A Woman's Work: Powering Up in the MENA Region
GE sponsors the Women Powering Work program to bring about innovations for economic equality in the MENA region.
The Middle East and North Africa region represents a wildly diverse variety of cultures, customs, religions and political groups. And the relationships between these constructs and popular ideas about women's rights are similarly varied throughout different countries in the region. But while women in Bahrain, for example, are almost 40 percent of our workforce --they are entrepreneurs, business leaders, heads of civil society organizations and members of Parliament -- on the whole, only 25.2 percent of women in the MENA region participate in the labor market. This is about half of the global average, according to a World Bank report.
Unemployment rates are even more staggering; not only have they doubled for MENA women since 1985, but youth unemployment rates among women aged 15-24 are almost 50 percent, compared to 10 to 20 percent for males. And only 15 percent of 5,887 firms surveyed by the World Bank in 10 MENA countries between 2003 and 2010 were female owned.
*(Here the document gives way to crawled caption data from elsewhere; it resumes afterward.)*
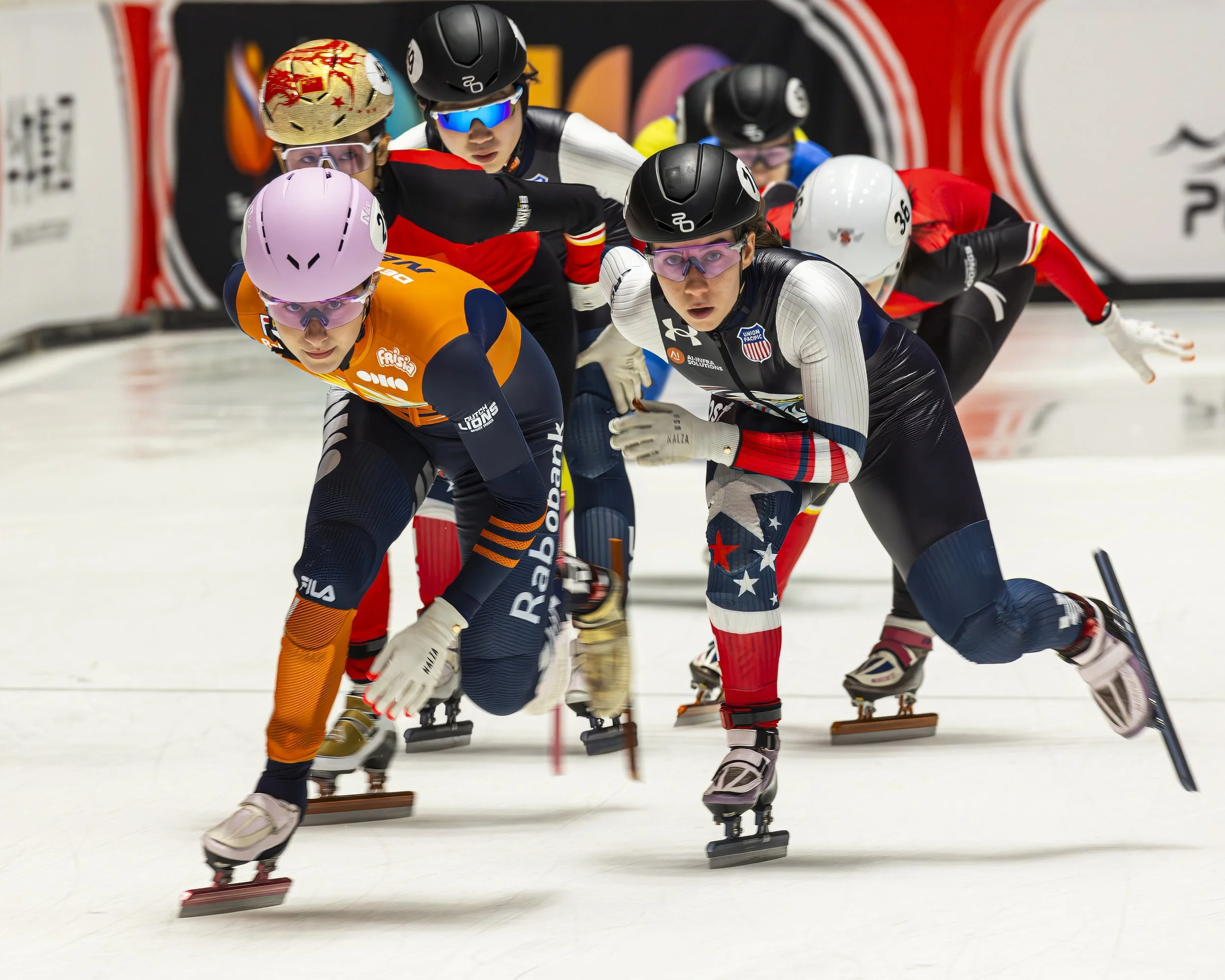 Speed skaters in a competitive race on an indoor ice rink, leaning forward in a tight formation, wearing colorful uniforms, helmets, and protective eyewear.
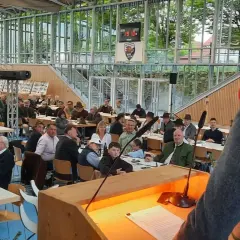 Versammlung im jagdbezirk mit mehreren revieren. Zuhörer in Tracht und Anzügen lauschen einem Vortragenden.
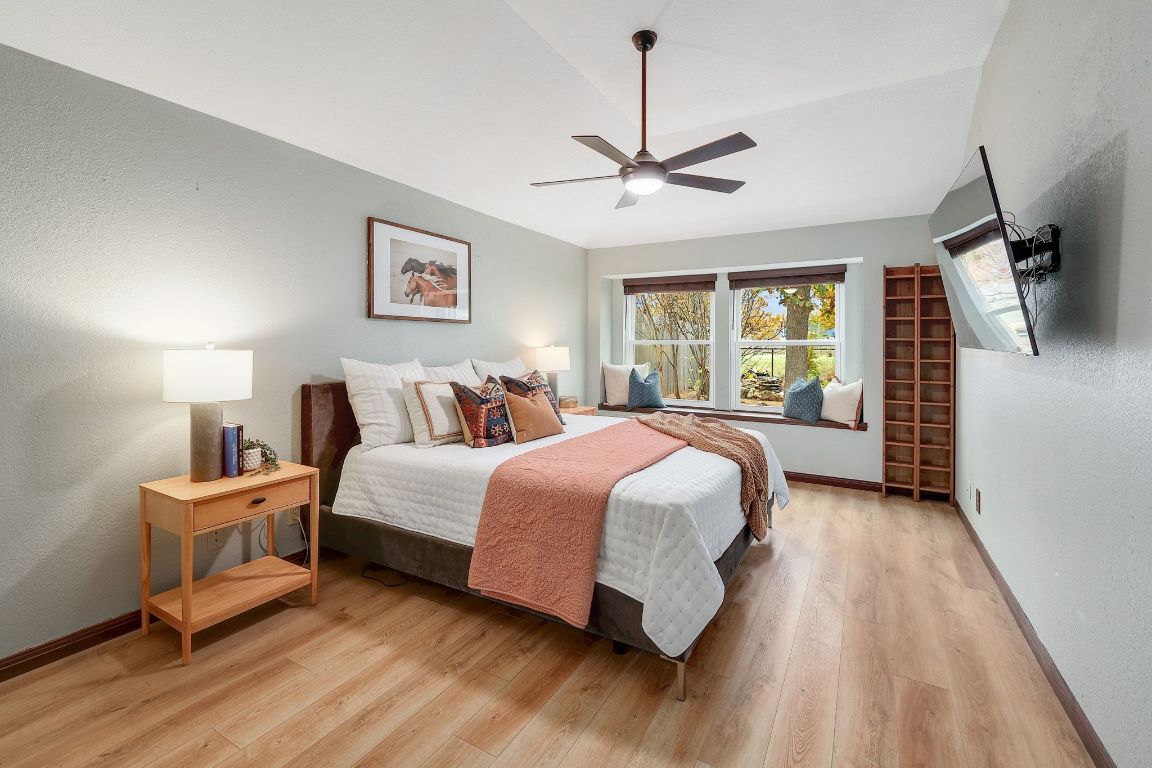 2307 Silverleaf Cove Round Rock, TX 78664 - Photo 13 of 31 a spacious bedroom with a bed chandelier and a window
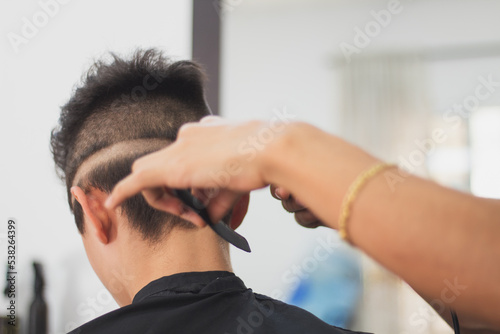 A boy in the barbershop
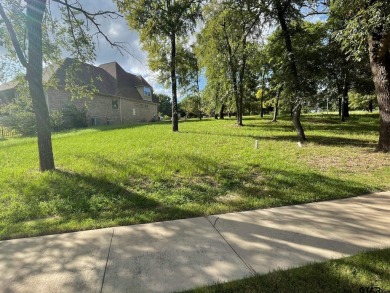 Perfect lot to build your low maintenance dream home on within on Eagles Bluff Golf Course in Texas - for sale on GolfHomes.com, golf home, golf lot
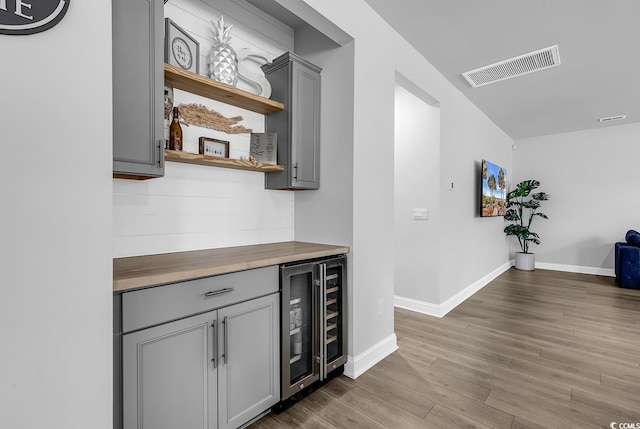 bar with wood counters, gray cabinetry, beverage cooler, and light wood-type flooring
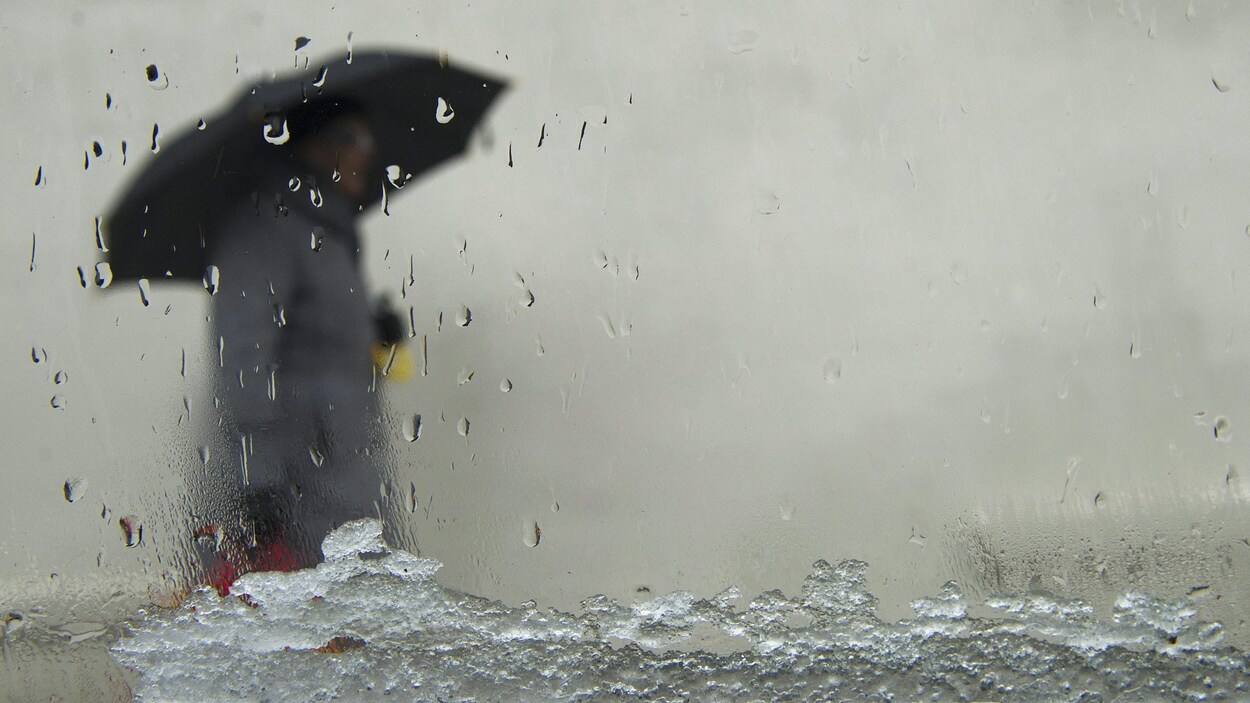 Mélange de neige et de pluie observé à travers le pare-brise d'une automobile.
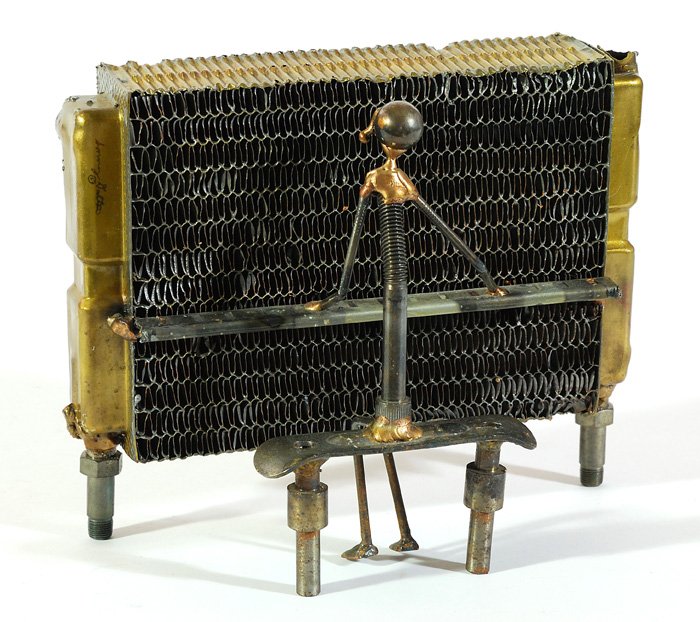 Sonny Dalton Sculpture: Car radiator and found object sculpture of a man playing piano. Signed by the artist. 7.5H x 9.5W x 5D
But despite the challenges that women face in many parts of the MENA region to achieve full economic integration, there are solutions that are making headway. Here are a few important examples:
Who's Empowering MENA Women
- Public policy and advocacy for women's economic rights: The Tunisia-based Center of Arab Women for Training and Research (CAWTAR) was established 20 years ago as a center of academic research and field studies regarding the status of women. CAWTAR encourages policy dialogue about economic empowerment for Arab women, and implements various projects to enable and better equip women to participate in the economy.